## ACTION ITEM
Pictures in the material below are to be left out, and only the lines from the line with "LOUIS VUITTON ルイヴィトン" up to and including the line with "Moderne Waterverf voor" are to be written out exactly.

==================================================

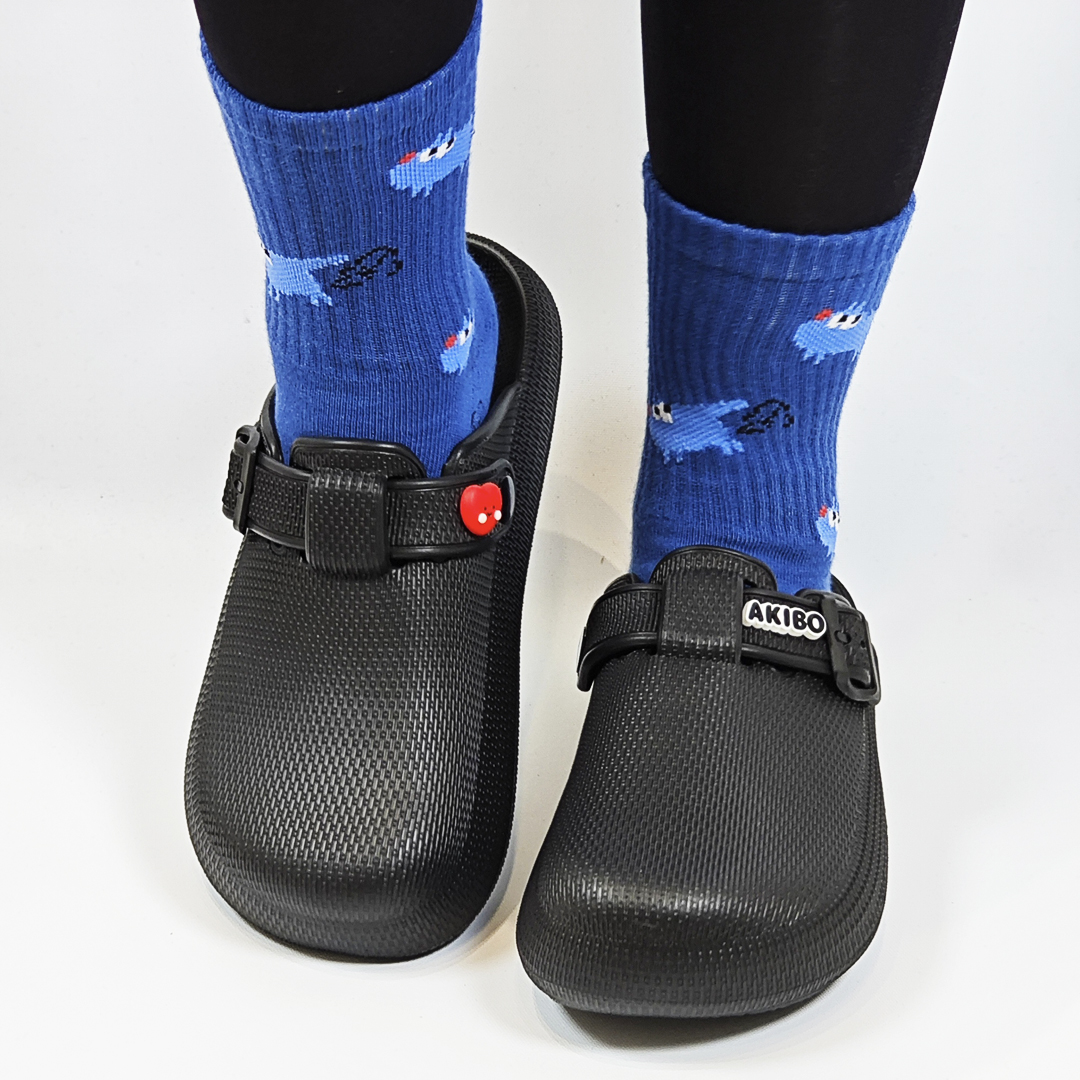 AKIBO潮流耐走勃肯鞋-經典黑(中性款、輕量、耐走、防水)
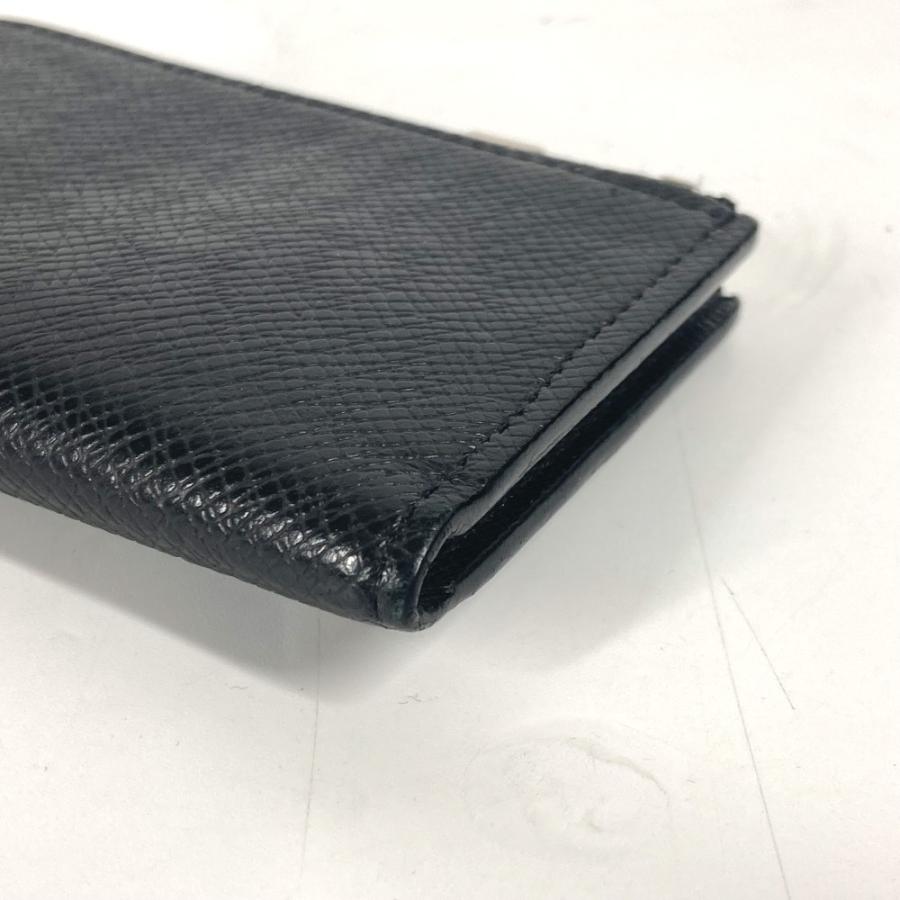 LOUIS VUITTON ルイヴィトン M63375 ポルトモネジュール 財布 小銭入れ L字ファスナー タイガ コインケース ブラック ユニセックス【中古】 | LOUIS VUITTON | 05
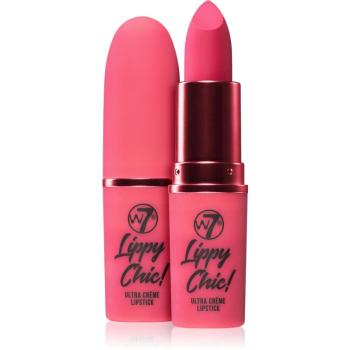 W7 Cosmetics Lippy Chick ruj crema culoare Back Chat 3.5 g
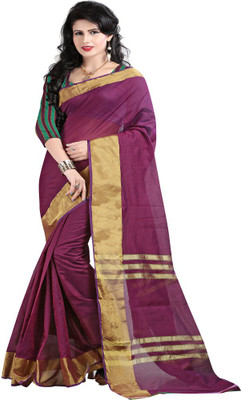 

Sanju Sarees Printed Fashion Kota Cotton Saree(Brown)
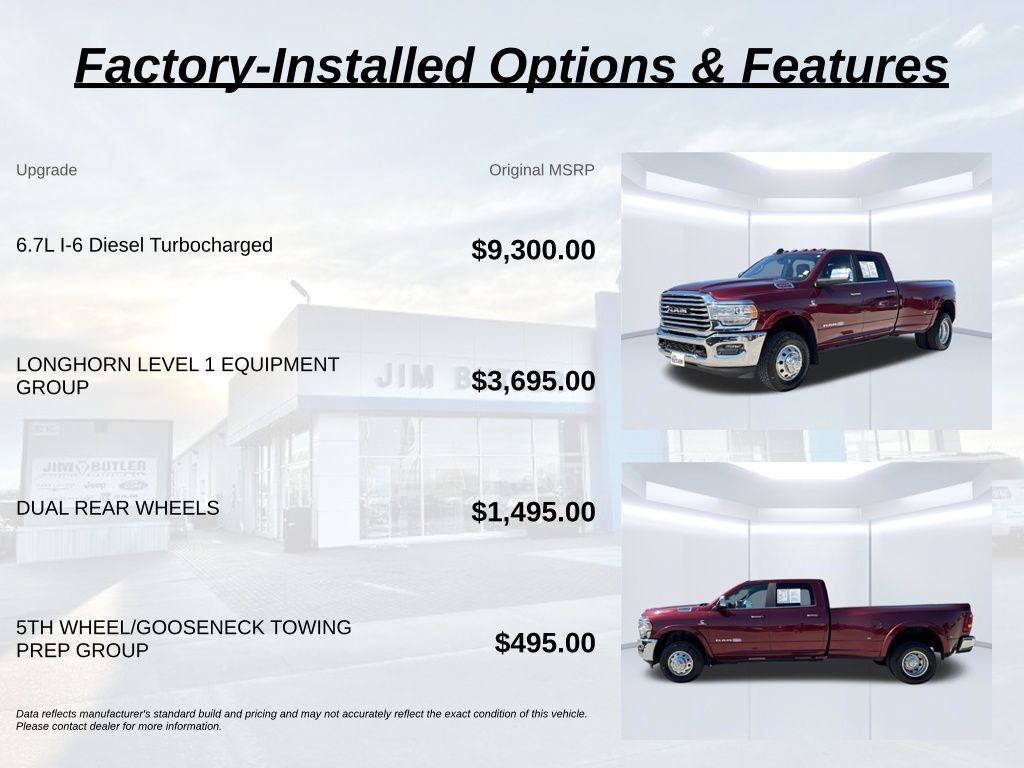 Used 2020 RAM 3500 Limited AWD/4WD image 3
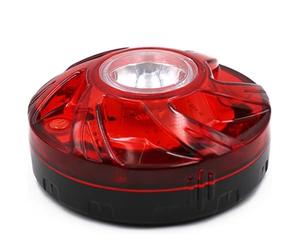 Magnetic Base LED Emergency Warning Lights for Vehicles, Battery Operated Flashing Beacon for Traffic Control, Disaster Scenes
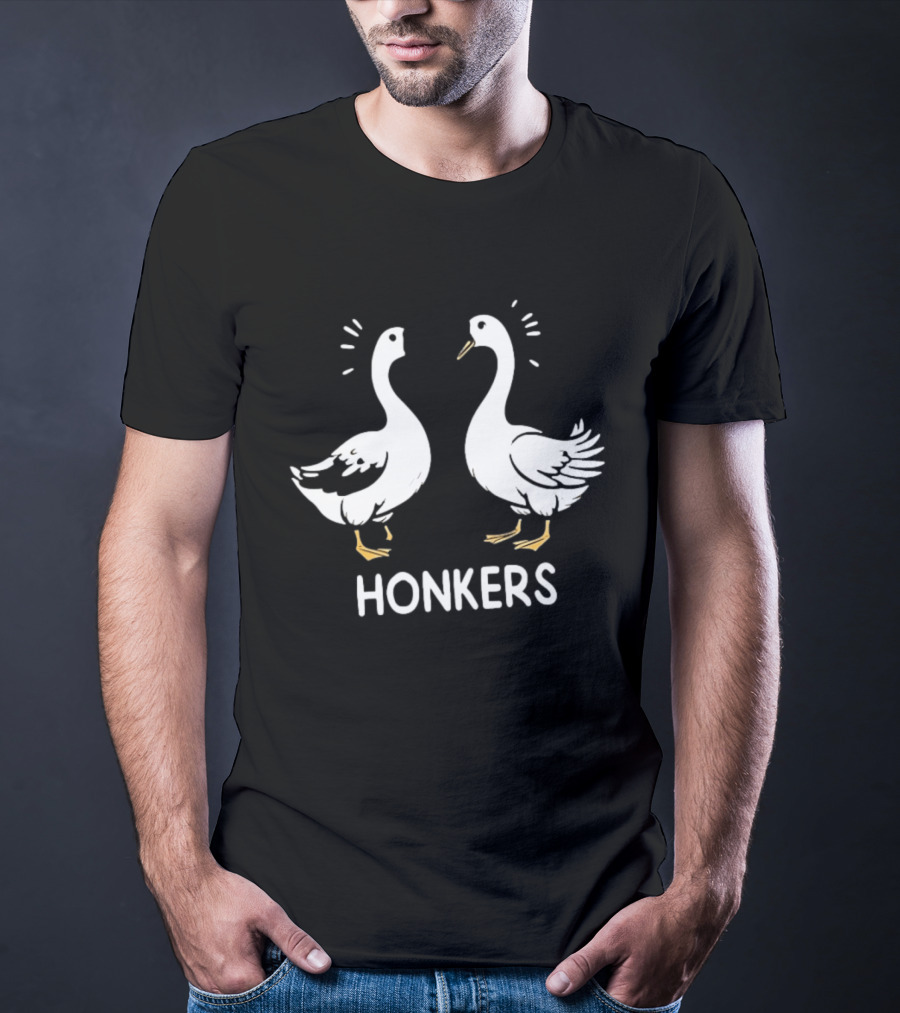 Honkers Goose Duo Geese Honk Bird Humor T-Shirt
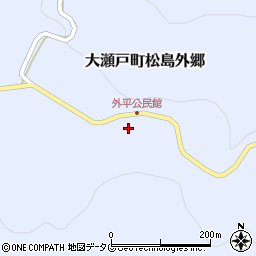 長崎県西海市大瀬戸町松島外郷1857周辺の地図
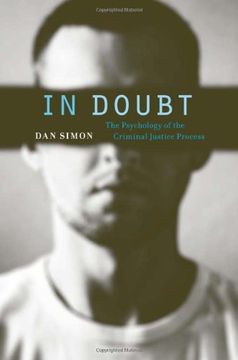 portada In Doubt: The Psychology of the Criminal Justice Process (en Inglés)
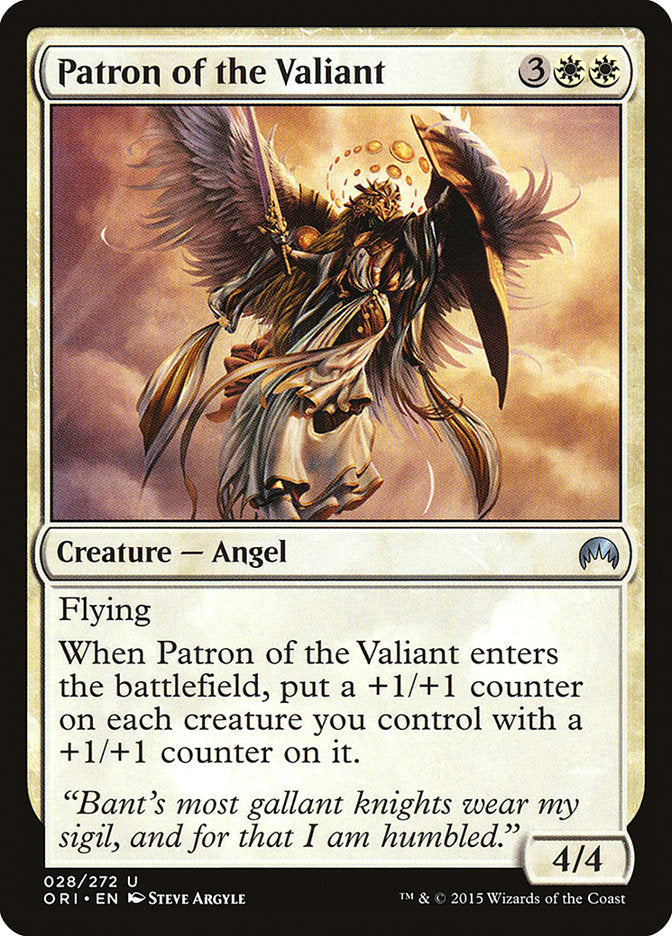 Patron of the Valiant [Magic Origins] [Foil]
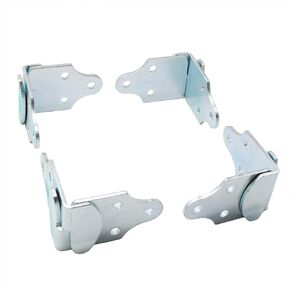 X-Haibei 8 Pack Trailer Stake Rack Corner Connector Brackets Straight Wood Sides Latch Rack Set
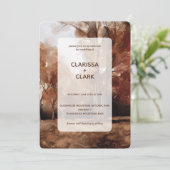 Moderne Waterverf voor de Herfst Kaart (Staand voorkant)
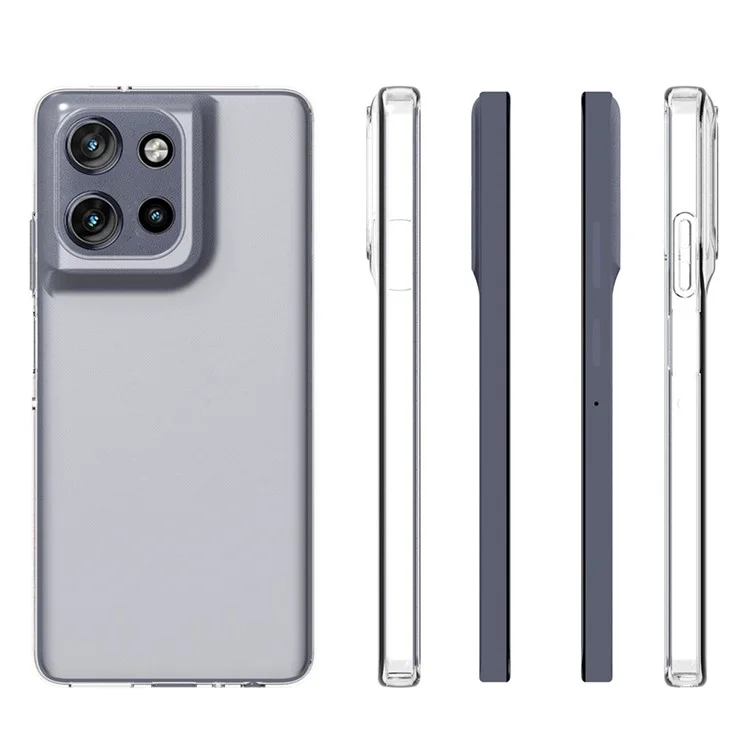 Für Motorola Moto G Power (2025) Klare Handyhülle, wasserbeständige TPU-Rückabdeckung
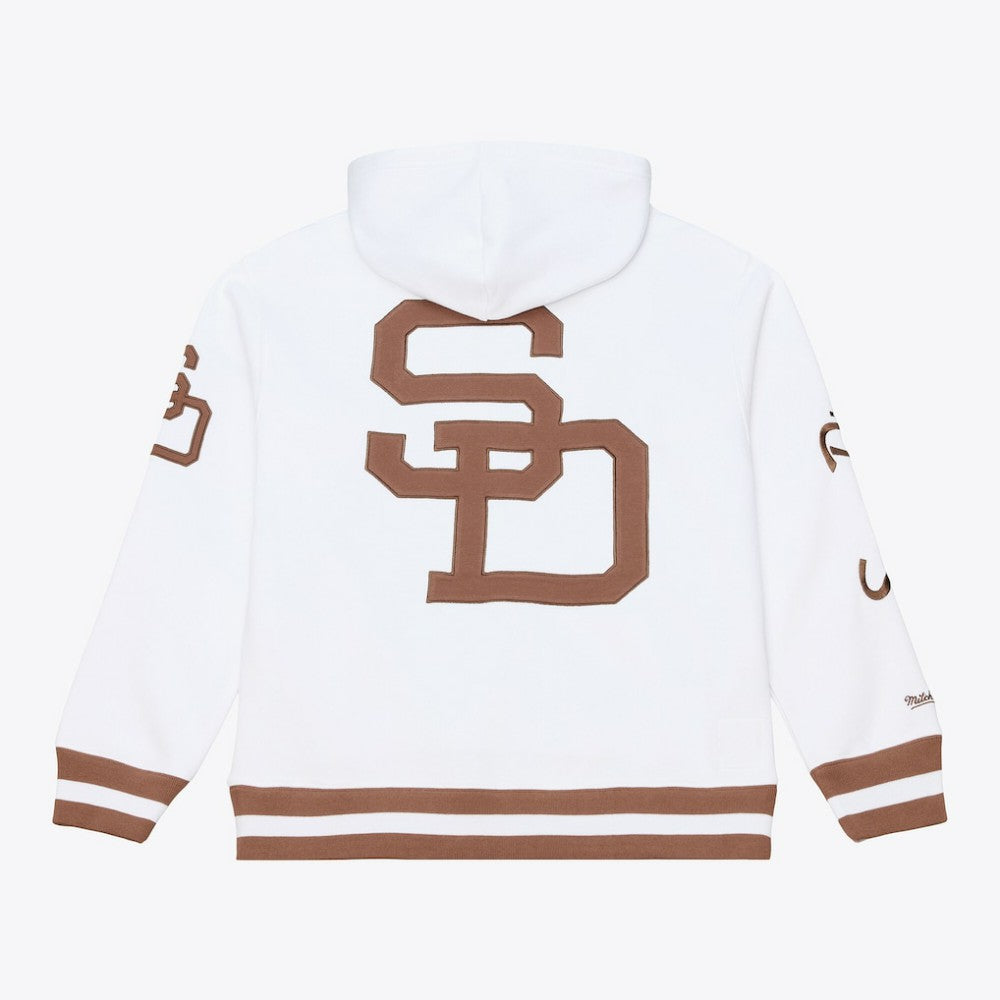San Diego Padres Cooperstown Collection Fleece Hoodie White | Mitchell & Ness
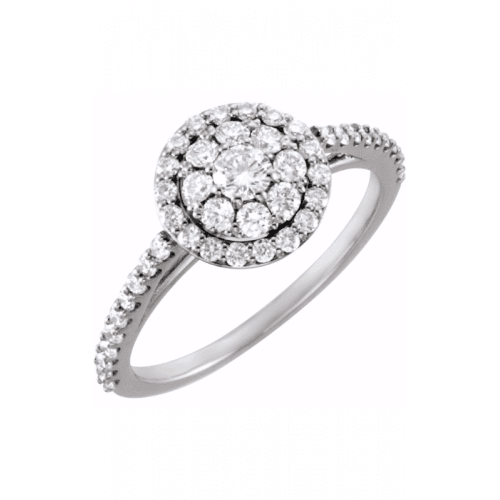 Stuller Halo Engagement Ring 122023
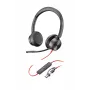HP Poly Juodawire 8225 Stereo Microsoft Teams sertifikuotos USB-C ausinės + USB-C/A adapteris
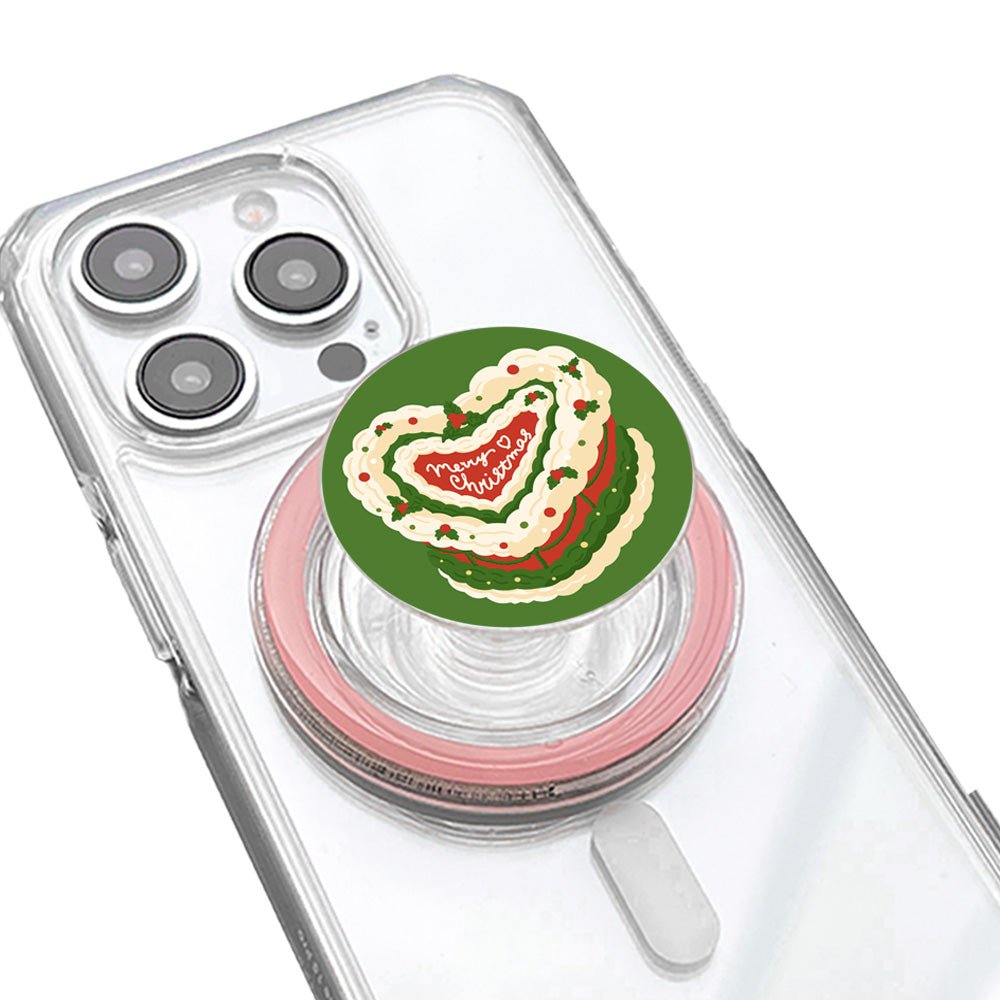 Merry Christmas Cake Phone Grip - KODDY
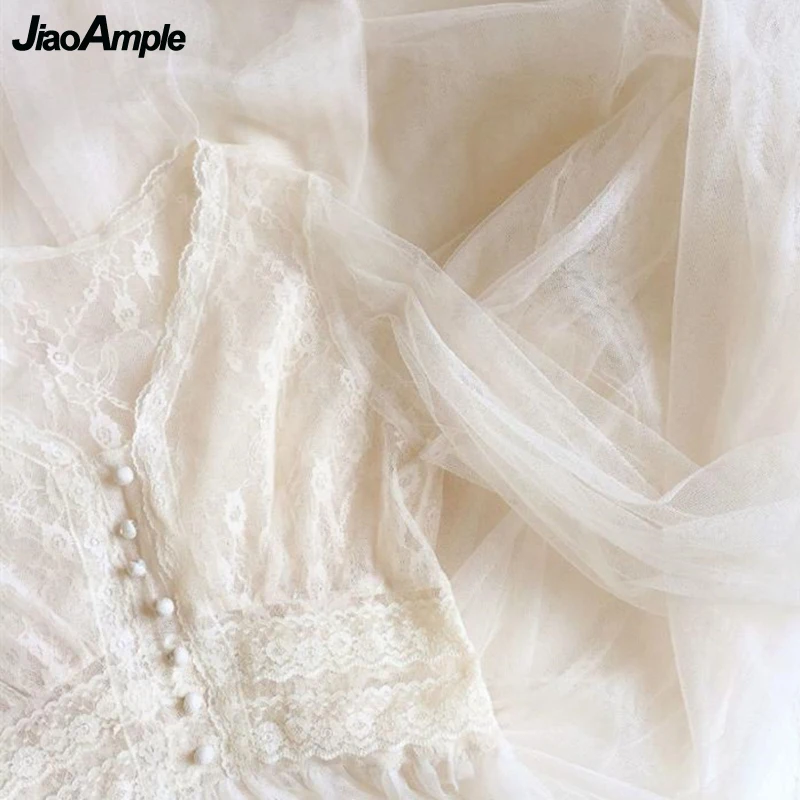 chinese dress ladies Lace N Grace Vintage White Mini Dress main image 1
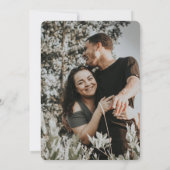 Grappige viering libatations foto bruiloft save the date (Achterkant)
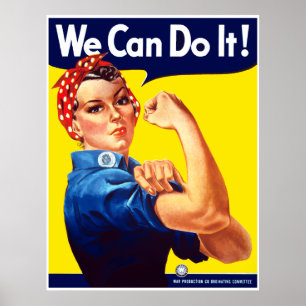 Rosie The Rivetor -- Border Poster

==================================================

## FINAL ANSWER
 LOUIS VUITTON ルイヴィトン M63375 ポルトモネジュール 財布 小銭入れ L字ファスナー タイガ コインケース ブラック ユニセックス【中古】 | LOUIS VUITTON | 05
 W7 Cosmetics Lippy Chick ruj crema culoare Back Chat 3.5 g

Sanju Sarees Printed Fashion Kota Cotton Saree(Brown)
 Used 2020 RAM 3500 Limited AWD/4WD image 3
 Magnetic Base LED Emergency Warning Lights for Vehicles, Battery Operated Flashing Beacon for Traffic Control, Disaster Scenes
 Honkers Goose Duo Geese Honk Bird Humor T-Shirt
 長崎県西海市大瀬戸町松島外郷1857周辺の地図
 portada In Doubt: The Psychology of the Criminal Justice Process (en Inglés)
 Patron of the Valiant [Magic Origins] [Foil]
 X-Haibei 8 Pack Trailer Stake Rack Corner Connector Brackets Straight Wood Sides Latch Rack Set
 Moderne Waterverf voor de Herfst Kaart (Staand voorkant)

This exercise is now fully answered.